Sans nommer le Mollah Omar, Gaith souligne la nécessité d’obéir à ses directives comme émanant d’un commandement central unique. « Tous les groupes djihadistes devraient placés être sous un seul dirigeant, qui devrait consulter des experts et des universitaires de l’ensemble de l’oumma. Ils [les dirigeants] sont silencieux contre certains ennemis déclarés de l’Islam, tandis qu’ils raillent et critiquent ouvertement des groupes islamiques. »


Une scission potentielle ?

Durant les années 90, au moins 17 groupes arabes opéraient en Afghanistan et, tandis qu’ils étaient influencés par al-Qaïda, ils opéraient séparément. A partir du 11/9, la majorité d’entre eux avait fusionné dans al-Qaïda, à l’exception notamment d’al-Gama Islamiya al-Muqatilal (GIM), de Jamaatul Toheed Wal Jihad (dirigé par Abou Musaab al-Zarquawi, qui a rejoint très tard al-Qaïda après l’invasion de l’Irak en 2003) et de centaines d’Arabes indépendants qui avaient également rejoint la cause du Djihad avec le puissant Jalaluddin Haqqani.

Après le 11/9, même ces opérateurs indépendants n’avaient pas beaucoup d’autre choix que d’opérer avec al-Qaïda, puisque dans la « guerre contre la terreur », tous les Arabes afghans étaient considérés comme faisant partie d’al-Qaïda. Beaucoup furent arrêtés au Pakistan et à l’étranger, simplement parce qu’ils vivaient en Afghanistan. Dans une quête pour un havre sûr, ils se rendirent dans les zones tribales pakistanaises et demeurèrent dans des camps d’al-Qaïda, parce que c’était la seule organisation arabe puissante qui restait dans la région et qui pouvait leur offrir un abri. Beaucoup d’Arabes afghans étaient opposés aux stratégies d’al-Qaïda, mais ils n’avaient pas la possibilité de les remettre en question.

Maintenant, avec des cadres supérieurs d’al-Qaïda qui expriment ouvertement des critiques, de tels points de vue pourraient gagner du terrain. Ceci pourrait conduire à réformer le plus violent mouvement de résistance musulman auto-proclamé contre l’hégémonie occidentale ou permettre à des dissidents de passer dans le camp des dirigeants Talibans afghans traditionnels et rompre avec al-Qaïda.

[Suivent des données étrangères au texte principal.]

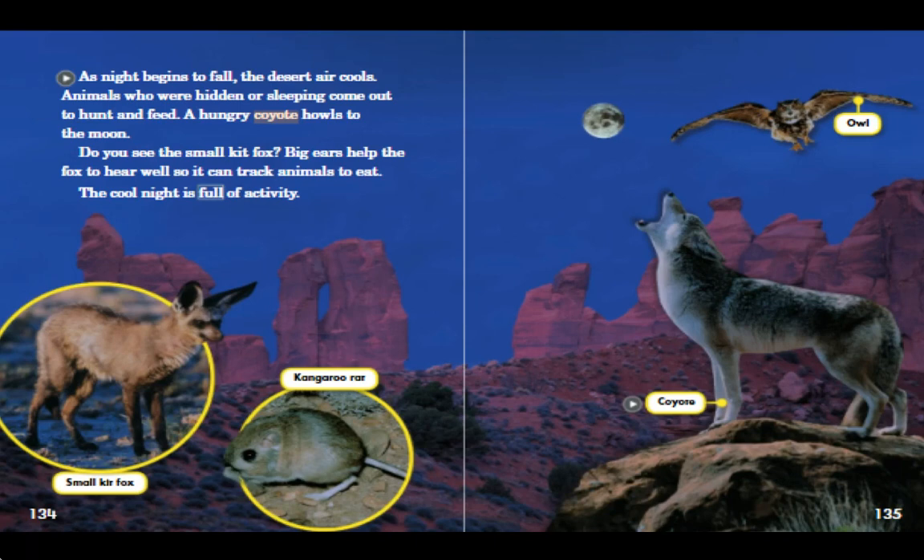As night begins to fall, the desert air cools. Animals who were hidden or sleeping come out to hunt and feed. A hungry coyote howls at the moon. Do you see the small kit fox? Big ears help the fox to hear well so it can track animals to eat. The cool night is full of activity.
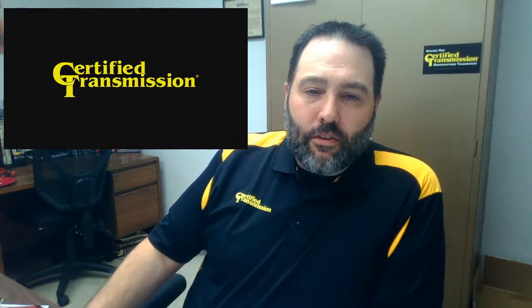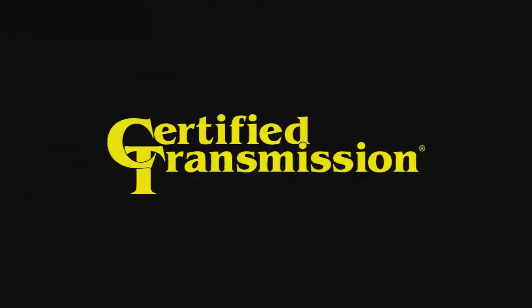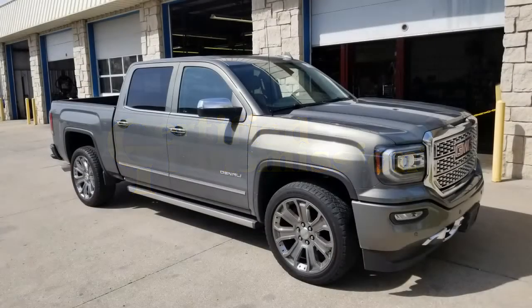Hi, it's James Campbell with Certified Transmission, and today I'm going to talk to you briefly about our Research and Development Department. Specifically, I'm going to talk to you about this truck, the 2017 GMC Sierra Denali, which we purchased for our R&D department so that we could test on the GM 8-speed transmission.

Le célèbre journaliste arabe, Jamal Ismail, auteur de Ben Laden, al-Jazeera et Moi, qui a rencontré ben Laden et interviewé Zawahiri, a fait le commentaire suivant pour Asia Times Online : « [A ce stade,] ce n’est pas une scission, mais une reconsidération. Toutefois, à un stade ultérieur, cela pourrait conduire à une scission si le conseil [donné dans ce livre], de même que d’autres opinions de l’intérieur et de l’extérieur d’al-Qaïda ne sont pas écoutés. »

Syed Saleem Shahzad est le chef du bureau de l'Asia Times Online au Pakistan.